◆ **MATERIAL SUPPLIED**
☆ ☆ ☆ ☆ ☆
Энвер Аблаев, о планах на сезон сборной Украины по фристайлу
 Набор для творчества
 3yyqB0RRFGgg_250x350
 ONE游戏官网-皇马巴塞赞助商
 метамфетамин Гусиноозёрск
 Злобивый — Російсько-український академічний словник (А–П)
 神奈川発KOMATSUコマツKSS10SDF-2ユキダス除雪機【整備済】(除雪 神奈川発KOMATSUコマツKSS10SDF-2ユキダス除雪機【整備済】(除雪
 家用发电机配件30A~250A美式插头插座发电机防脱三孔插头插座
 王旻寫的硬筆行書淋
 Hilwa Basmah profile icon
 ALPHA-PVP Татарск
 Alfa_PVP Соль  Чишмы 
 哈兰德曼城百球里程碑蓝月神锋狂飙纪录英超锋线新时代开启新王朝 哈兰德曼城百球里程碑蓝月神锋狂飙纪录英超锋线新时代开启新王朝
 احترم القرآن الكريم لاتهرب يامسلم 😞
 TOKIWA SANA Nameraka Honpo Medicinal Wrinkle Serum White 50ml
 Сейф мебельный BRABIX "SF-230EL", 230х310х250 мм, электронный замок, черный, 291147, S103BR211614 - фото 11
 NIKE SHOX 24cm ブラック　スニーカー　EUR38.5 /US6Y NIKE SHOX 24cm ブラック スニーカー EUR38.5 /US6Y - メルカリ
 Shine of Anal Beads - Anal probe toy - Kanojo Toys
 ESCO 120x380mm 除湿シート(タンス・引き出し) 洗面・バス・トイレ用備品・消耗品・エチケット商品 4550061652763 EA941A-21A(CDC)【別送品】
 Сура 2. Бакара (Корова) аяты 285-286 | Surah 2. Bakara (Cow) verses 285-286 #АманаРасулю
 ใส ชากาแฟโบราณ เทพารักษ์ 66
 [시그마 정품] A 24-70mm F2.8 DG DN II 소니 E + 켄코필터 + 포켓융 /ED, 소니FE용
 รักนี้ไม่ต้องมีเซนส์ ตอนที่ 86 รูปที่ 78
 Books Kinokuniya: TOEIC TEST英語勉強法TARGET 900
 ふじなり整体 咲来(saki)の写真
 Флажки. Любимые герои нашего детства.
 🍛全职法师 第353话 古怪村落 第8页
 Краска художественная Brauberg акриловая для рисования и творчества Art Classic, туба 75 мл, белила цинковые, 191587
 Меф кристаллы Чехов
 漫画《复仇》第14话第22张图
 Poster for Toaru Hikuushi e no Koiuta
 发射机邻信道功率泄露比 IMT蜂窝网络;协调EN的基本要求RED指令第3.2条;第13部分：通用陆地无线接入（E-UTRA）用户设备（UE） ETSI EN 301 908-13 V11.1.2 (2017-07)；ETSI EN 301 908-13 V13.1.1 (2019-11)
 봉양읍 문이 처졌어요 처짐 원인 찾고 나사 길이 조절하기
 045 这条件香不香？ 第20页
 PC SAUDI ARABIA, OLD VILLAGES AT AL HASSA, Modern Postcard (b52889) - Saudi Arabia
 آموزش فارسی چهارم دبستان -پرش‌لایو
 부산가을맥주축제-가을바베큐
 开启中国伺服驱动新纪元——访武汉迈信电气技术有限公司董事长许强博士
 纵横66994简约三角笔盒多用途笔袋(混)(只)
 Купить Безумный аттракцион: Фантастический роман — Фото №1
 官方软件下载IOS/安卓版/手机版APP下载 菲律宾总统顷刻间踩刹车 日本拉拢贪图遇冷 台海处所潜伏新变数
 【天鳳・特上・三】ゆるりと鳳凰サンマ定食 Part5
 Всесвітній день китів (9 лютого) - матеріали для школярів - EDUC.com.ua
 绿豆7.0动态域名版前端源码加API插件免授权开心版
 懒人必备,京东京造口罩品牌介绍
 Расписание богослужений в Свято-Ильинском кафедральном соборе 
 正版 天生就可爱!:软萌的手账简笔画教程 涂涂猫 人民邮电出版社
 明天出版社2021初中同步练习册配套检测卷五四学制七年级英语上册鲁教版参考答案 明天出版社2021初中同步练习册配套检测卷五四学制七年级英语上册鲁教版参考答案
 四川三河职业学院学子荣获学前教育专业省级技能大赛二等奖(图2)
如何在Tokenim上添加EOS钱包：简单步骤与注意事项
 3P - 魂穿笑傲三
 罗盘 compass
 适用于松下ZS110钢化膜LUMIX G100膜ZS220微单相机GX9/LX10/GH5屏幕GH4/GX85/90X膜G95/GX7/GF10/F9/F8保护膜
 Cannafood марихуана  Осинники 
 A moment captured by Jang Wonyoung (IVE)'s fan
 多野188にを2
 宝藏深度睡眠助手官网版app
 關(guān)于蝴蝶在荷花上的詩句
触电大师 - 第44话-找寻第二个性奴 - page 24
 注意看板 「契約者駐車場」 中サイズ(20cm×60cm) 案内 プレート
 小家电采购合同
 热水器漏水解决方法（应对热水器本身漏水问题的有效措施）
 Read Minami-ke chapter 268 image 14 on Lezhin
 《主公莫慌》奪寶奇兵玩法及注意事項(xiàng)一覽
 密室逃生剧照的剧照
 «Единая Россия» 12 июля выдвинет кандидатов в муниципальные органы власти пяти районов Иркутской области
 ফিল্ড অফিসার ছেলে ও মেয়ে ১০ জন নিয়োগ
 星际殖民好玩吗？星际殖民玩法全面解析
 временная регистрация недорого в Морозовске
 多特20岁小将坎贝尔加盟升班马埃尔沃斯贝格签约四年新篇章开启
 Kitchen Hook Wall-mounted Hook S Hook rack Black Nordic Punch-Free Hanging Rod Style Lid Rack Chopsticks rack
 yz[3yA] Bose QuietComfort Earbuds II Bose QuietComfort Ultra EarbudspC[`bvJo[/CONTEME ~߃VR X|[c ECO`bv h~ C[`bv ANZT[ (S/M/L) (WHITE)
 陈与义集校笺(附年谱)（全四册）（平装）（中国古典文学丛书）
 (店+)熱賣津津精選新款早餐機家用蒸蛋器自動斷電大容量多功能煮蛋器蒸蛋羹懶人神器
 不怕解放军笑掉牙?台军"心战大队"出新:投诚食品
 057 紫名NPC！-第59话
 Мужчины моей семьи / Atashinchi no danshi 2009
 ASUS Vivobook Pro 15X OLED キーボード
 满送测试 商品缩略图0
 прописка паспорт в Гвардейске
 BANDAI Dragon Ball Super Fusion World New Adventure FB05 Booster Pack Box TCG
☆ ☆ ☆ ☆ ☆
Each line of the material is to be returned precisely as written.

Энвер Аблаев, о планах на сезон сборной Украины по фристайлу
 Набор для творчества
 3yyqB0RRFGgg_250x350
 ONE游戏官网-皇马巴塞赞助商
 метамфетамин Гусиноозёрск
 Злобивый — Російсько-український академічний словник (А–П)
 神奈川発KOMATSUコマツKSS10SDF-2ユキダス除雪機【整備済】(除雪 神奈川発KOMATSUコマツKSS10SDF-2ユキダス除雪機【整備済】(除雪
 家用发电机配件30A~250A美式插头插座发电机防脱三孔插头插座
 王旻寫的硬筆行書淋
 Hilwa Basmah profile icon
 ALPHA-PVP Татарск
 Alfa_PVP Соль  Чишмы 
 哈兰德曼城百球里程碑蓝月神锋狂飙纪录英超锋线新时代开启新王朝 哈兰德曼城百球里程碑蓝月神锋狂飙纪录英超锋线新时代开启新王朝
 احترم القرآن الكريم لاتهرب يامسلم 😞
 TOKIWA SANA Nameraka Honpo Medicinal Wrinkle Serum White 50ml
 Сейф мебельный BRABIX "SF-230EL", 230х310х250 мм, электронный замок, черный, 291147, S103BR211614 - фото 11
 NIKE SHOX 24cm ブラック　スニーカー　EUR38.5 /US6Y NIKE SHOX 24cm ブラック スニーカー EUR38.5 /US6Y - メルカリ
 Shine of Anal Beads - Anal probe toy - Kanojo Toys
 ESCO 120x380mm 除湿シート(タンス・引き出し) 洗面・バス・トイレ用備品・消耗品・エチケット商品 4550061652763 EA941A-21A(CDC)【別送品】
 Сура 2. Бакара (Корова) аяты 285-286 | Surah 2. Bakara (Cow) verses 285-286 #АманаРасулю
 ใส ชากาแฟโบราณ เทพารักษ์ 66
 [시그마 정품] A 24-70mm F2.8 DG DN II 소니 E + 켄코필터 + 포켓융 /ED, 소니FE용
 รักนี้ไม่ต้องมีเซนส์ ตอนที่ 86 รูปที่ 78
 Books Kinokuniya: TOEIC TEST英語勉強法TARGET 900
 ふじなり整体 咲来(saki)の写真
 Флажки. Любимые герои нашего детства.
 🍛全职法师 第353话 古怪村落 第8页
 Краска художественная Brauberg акриловая для рисования и творчества Art Classic, туба 75 мл, белила цинковые, 191587
 Меф кристаллы Чехов
 漫画《复仇》第14话第22张图
 Poster for Toaru Hikuushi e no Koiuta
 发射机邻信道功率泄露比 IMT蜂窝网络;协调EN的基本要求RED指令第3.2条;第13部分：通用陆地无线接入（E-UTRA）用户设备（UE） ETSI EN 301 908-13 V11.1.2 (2017-07)；ETSI EN 301 908-13 V13.1.1 (2019-11)
 봉양읍 문이 처졌어요 처짐 원인 찾고 나사 길이 조절하기
 045 这条件香不香？ 第20页
 PC SAUDI ARABIA, OLD VILLAGES AT AL HASSA, Modern Postcard (b52889) - Saudi Arabia
 آموزش فارسی چهارم دبستان -پرش‌لایو
 부산가을맥주축제-가을바베큐
 开启中国伺服驱动新纪元——访武汉迈信电气技术有限公司董事长许强博士
 纵横66994简约三角笔盒多用途笔袋(混)(只)
 Купить Безумный аттракцион: Фантастический роман — Фото №1
 官方软件下载IOS/安卓版/手机版APP下载 菲律宾总统顷刻间踩刹车 日本拉拢贪图遇冷 台海处所潜伏新变数
 【天鳳・特上・三】ゆるりと鳳凰サンマ定食 Part5
 Всесвітній день китів (9 лютого) - матеріали для школярів - EDUC.com.ua
 绿豆7.0动态域名版前端源码加API插件免授权开心版
 懒人必备,京东京造口罩品牌介绍
 Расписание богослужений в Свято-Ильинском кафедральном соборе 
 正版 天生就可爱!:软萌的手账简笔画教程 涂涂猫 人民邮电出版社
 明天出版社2021初中同步练习册配套检测卷五四学制七年级英语上册鲁教版参考答案 明天出版社2021初中同步练习册配套检测卷五四学制七年级英语上册鲁教版参考答案
 四川三河职业学院学子荣获学前教育专业省级技能大赛二等奖(图2)
如何在Tokenim上添加EOS钱包：简单步骤与注意事项
 3P - 魂穿笑傲三
 罗盘 compass
 适用于松下ZS110钢化膜LUMIX G100膜ZS220微单相机GX9/LX10/GH5屏幕GH4/GX85/90X膜G95/GX7/GF10/F9/F8保护膜
 Cannafood марихуана  Осинники 
 A moment captured by Jang Wonyoung (IVE)'s fan
 多野188にを2
 宝藏深度睡眠助手官网版app
 關(guān)于蝴蝶在荷花上的詩句
触电大师 - 第44话-找寻第二个性奴 - page 24
 注意看板 「契約者駐車場」 中サイズ(20cm×60cm) 案内 プレート
 小家电采购合同
 热水器漏水解决方法（应对热水器本身漏水问题的有效措施）
 Read Minami-ke chapter 268 image 14 on Lezhin
 《主公莫慌》奪寶奇兵玩法及注意事項(xiàng)一覽
 密室逃生剧照的剧照
 «Единая Россия» 12 июля выдвинет кандидатов в муниципальные органы власти пяти районов Иркутской области
 ফিল্ড অফিসার ছেলে ও মেয়ে ১০ জন নিয়োগ
 星际殖民好玩吗？星际殖民玩法全面解析
 временная регистрация недорого в Морозовске
 多特20岁小将坎贝尔加盟升班马埃尔沃斯贝格签约四年新篇章开启
 Kitchen Hook Wall-mounted Hook S Hook rack Black Nordic Punch-Free Hanging Rod Style Lid Rack Chopsticks rack
 yz[3yA] Bose QuietComfort Earbuds II Bose QuietComfort Ultra EarbudspC[`bvJo[/CONTEME ~߃VR X|[c ECO`bv h~ C[`bv ANZT[ (S/M/L) (WHITE)
 陈与义集校笺(附年谱)（全四册）（平装）（中国古典文学丛书）
 (店+)熱賣津津精選新款早餐機家用蒸蛋器自動斷電大容量多功能煮蛋器蒸蛋羹懶人神器
 不怕解放军笑掉牙?台军"心战大队"出新:投诚食品
 057 紫名NPC！-第59话
 Мужчины моей семьи / Atashinchi no danshi 2009
 ASUS Vivobook Pro 15X OLED キーボード
 满送测试 商品缩略图0
 прописка паспорт в Гвардейске
 BANDAI Dragon Ball Super Fusion World New Adventure FB05 Booster Pack Box TCG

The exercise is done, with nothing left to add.